Anton > 29-05-2022, 11:51 PM
Well, here are the first results, for the Zipf curve.
I expressed the Zipf curve as A/r^B, where r is rank.
RobGea's sets' parameters are as follows:
Circular text: 2317 words in total, vocabulary size 1100, hapax legomena count 838
Non-circular text: 36376 words in total, vocabulary size 7602, hapax legomena count 5242
Least squares regression (Matlab lsqcurvefit function) yields:
CT: A = 70.3, B = 0.609
Non-CT: A = 1055, B = 0.7
Residuals are non-negligent, but I think to better fit the raw data one has to exclude hapax legomena from the sets (?)

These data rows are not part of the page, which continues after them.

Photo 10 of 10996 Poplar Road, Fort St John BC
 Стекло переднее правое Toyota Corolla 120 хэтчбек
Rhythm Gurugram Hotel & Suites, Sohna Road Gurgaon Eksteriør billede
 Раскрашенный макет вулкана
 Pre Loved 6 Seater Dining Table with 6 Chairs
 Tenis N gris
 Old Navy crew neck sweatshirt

Interestingly, if we introduce C as A divided by the total word count, then C=0.03 for both sets, and the power coefficient is rather close between the two (0.6 vs 0.7). This suggests that both sets are behaving rather similarly from the rank vs count perspective. However, the figures do not suggest good fit for the Zipf law where C needs be somewhat close to 0.1 and the power coefficient needs be close to 1, if I understand correctly.
(I wonder, in the papers claiming the VMS fitting the Zipf law, what were the assessed parameters of the curve?)
But again, if I understand correctly, the Zipf-Mandelbrot law might be a better fit, so I will check that as well in the next step.